Labor’s collapse began when the senate rejected Rudd’s emissions trading scheme. Faced with a choice between dissolving parliament and calling an election or dropping the scheme, he chickened out and lost the confidence of the party. Julia Gillard’s support began to slide when she proposed to defer climate change policy to a citizen’s assembly(1). Nearly 70% of the votes she lost went to the Greens(2).
Turnbull, like Rudd, was ousted over the emissions trading scheme, but six months earlier. His support for the scheme split the Liberal party. Just before the first senate vote on the issue, in December last year, he was overthrown by Tony Abbott, who had told his supporters that climate change “is absolute crap”(3). If Abbott manages to form a government, he will reverse the outcome of the 2007 election, in which the Liberal Party was defeated partly because it wouldn’t act on climate change.
It’s not difficult to see why this is a hot issue in Australia. The country has been hammered by drought and bushfires. It also has the highest carbon dioxide emissions per person of any major economy outside the Arabian peninsula. Australians pollute more than Americans, twice as much as people in the UK and four times more than the Chinese(4). Most Australians want to change this, but the coal industry keeps their politicians on a short leash. Like New Labour over here, Rudd and Gillard’s administration was a government of flinchers. It has been punished for appeasing industrial lobbyists and the rightwing press.
Australian politics provides yet more evidence that climate science divides people along political lines. Abbott is no longer an outright denier, though he still insists, in the teeth of the facts, that the world has cooled since 1997(5). Some members of his party go further: Senator Nick Minchin, for example, maintains that “the whole climate change issue is a left-wing conspiracy to deindustrialise the western world”(6). (He has also insisted that cigarettes are not addictive and the link between passive smoking and illness cannot be demonstrated(7)). A recent poll suggests that 38% of politicians in Abbott’s coalition believe that man-made global warming is taking place, by comparison to 89% of Labor’s people(8).
It’s the same story everywhere. At a senatorial hustings in New Hampshire last week, all six Republican candidates denied that man-made climate change is taking place(9). Judging by its recent antics in the Senate and by primary campaigns all over the country, the Republican party appears to be heading towards a unanimous rejection of the science. The ultra-neoliberal Czech president Vaclav Klaus asserts that “global warming is a false myth and every serious person and scientist says so.”(10) The hard-right UK Independence Party may soon be led by Lord Monckton(11), the craziest man in British politics, who claims that action on climate change is a conspiracy to create a communist world government(12). The further to the right you travel, the more likely you are to insist that man-made climate change isn’t happening. Denial has nothing to do with science and everything to do with politics.

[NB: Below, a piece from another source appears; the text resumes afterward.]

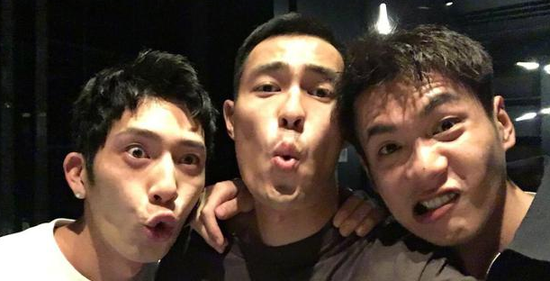 花少兄弟再聚!杨祐宁井柏然张若昀合影喊话陈柏霖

In the Telegraph recently, the Conservative Daniel Hannan tried to explain this association. “When presented with a new discovery, we automatically try to press it into our existing belief-system; if it doesn’t fit, we question the discovery before the belief-system.”(13) He’s right. We all do this, and it is also true that in some respects an antagonism to climate science is consistent with right-wing – and especially neoliberal – politics. The philosophy of the new right is summarised by this chilling statement from Vaclav Klaus. “Human wants are unlimited and should stay so.”(14)
But right-wing denial also leads to perverse outcomes. In a desperate attempt to appease the deniers in his party, Malcolm Turnbull proposed handing £70bn to industry to soften the impacts of acting on climate change(15). Rudd’s trading scheme, by contrast, was more or less self-financing. Tony Abbott intends to lavish subsidies on polluting companies without demanding any corresponding obligations(16). State handouts? Rights without responsibilities? When did these become conservative policies?
Since way back. In the US the Republicans also favour green incentives for industry, without caps or regulation. Worldwide, subsidies for fossil fuels are twelve times greater than subsidies for renewable energy(17). Many of the most generous hand-outs are awarded by right-wing governments (think of the money lavished on the oil industry under George W Bush(18)).
Yes, man-made climate change denial is about politics, but it’s more pragmatic than ideological. The politics have been shaped around the demands of industrial lobby groups, which happen, in many cases, to fund those who articulate them. Right-wingers are making monkeys of themselves over climate change not just because their beliefs take precedence over the evidence, but also because their interests take precedence over their beliefs.